Partly reflecting the strikes at several major motor vehicle manufacturers, the Federal Reserve released a report on Thursday showing industrial production in the U.S. fell by much more than expected in the month of October.

The Fed said industrial production slid by 0.6 percent in October after inching up by a downwardly revised 0.1 percent in September.

Economists had expected industrial production to decrease by 0.3 percent, reversing the 0.3 percent increase originally reported for the previous month.

The report said manufacturing output fell by 0.7 percent in October after edging up by 0.2 percent in September, with the drop largely reflecting a 10 percent nosedive in the output of motor vehicles and parts.

Utilities output also tumbled by 1.6 percent in October after falling by 0.6 percent in September, while mining output rose by 0.4 percent in October after coming in unchanged in the previous month.

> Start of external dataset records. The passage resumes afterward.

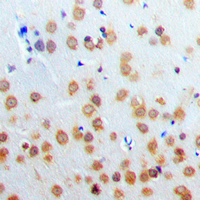 Rabbit anti-PARP3 Polyclonal Antibody
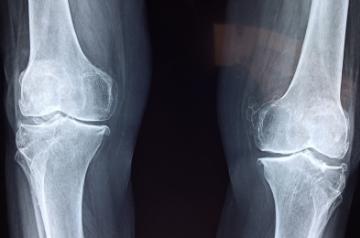 Dealing with orthopedic problems during lockdown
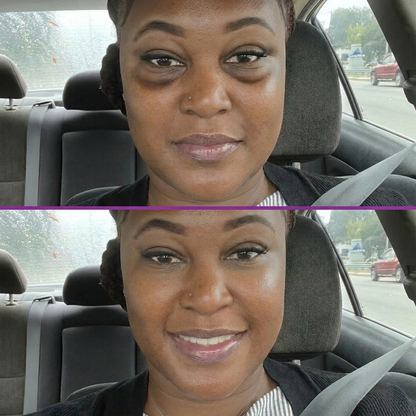 Velura™ Beauty Eye Firming Gel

The Fed also said capacity utilization in the industrial sector slumped to 78.9 percent in October from a downwardly revised 79.5 percent in September.

Economists had expected capacity utilization to slip to 79.4 percent from the 79.7 percent originally reported for the previous month.

Capacity utilization in the manufacturing and utilities sectors fell to 77.2 percent and 71.4 percent, respectively, while capacity utilization in the mining sector rose to 94.3 percent.